Creating Vibrant In-class Discussions

The thing I struggle the most with is getting students engaged. A lot of times I deal with silence and blank stares, and when I get students to participate in discussion, it’s usually the same handful of students that I can count on.” Do the words of this UofL instructor resonate with you?

In the 13th edition of McKeachie’s Teaching Tips, Marilla Svinicki and Bill McKeachie note that “the prototypic teaching method for active learning is the discussion” (2011, p. 36). But why is it so challenging to make good classroom discussions happen?

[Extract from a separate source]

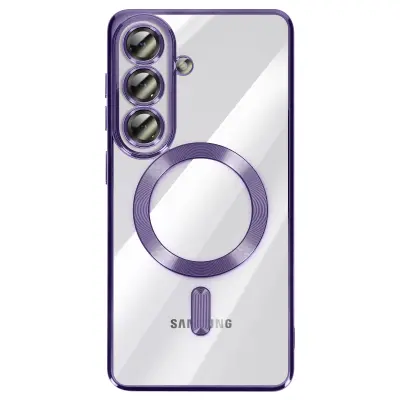 Mehko ohišje MagSafe za Galaxy S26 Plus, odporno na udarce, s kromiranim robom, Vijolična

In this interactive “discussion about discussion,” join us as we explore the strengths and limitations of discussion as a teaching approach. We will identify the characteristics of successful classroom discussions and suggest ways for increasing the likelihood that they will happen. We will share resources on how to establish student and faculty discussion roles and responsibilities, and we will problem solve what to do to generate student interest and engagement in this essential active learning technique. The principles of practice will be modeled by both facilitator and participants.

After attending this session, you will be able to:

  • Identify the strengths and limitations of classroom discussion as a teaching approach
  • Identify resources that you can use to establish discussion guidelines, roles, and responsibilities
  • Formulate an action plan for how to effectively respond when a classroom discussion is not working

Session Date

  • 2/26/2014

    Wednesday, 12-2 p.m.
    Delphi Center Lab

    Register Now

Facilitator Bio

Marie Kendall Brown, Ph.D., is assistant director for teaching and learning at the Delphi Center. She joined UofL in 2009. She received her Ph.D. in Higher Education from the University of Michigan. In her current role, she designs and administers programs, services, and events to support faculty professional development with respect to teaching. Her research interests include faculty learning and development, teaching and learning topics in STEM, strategic partnering with academic units, and college student development from a constructive-developmental perspective.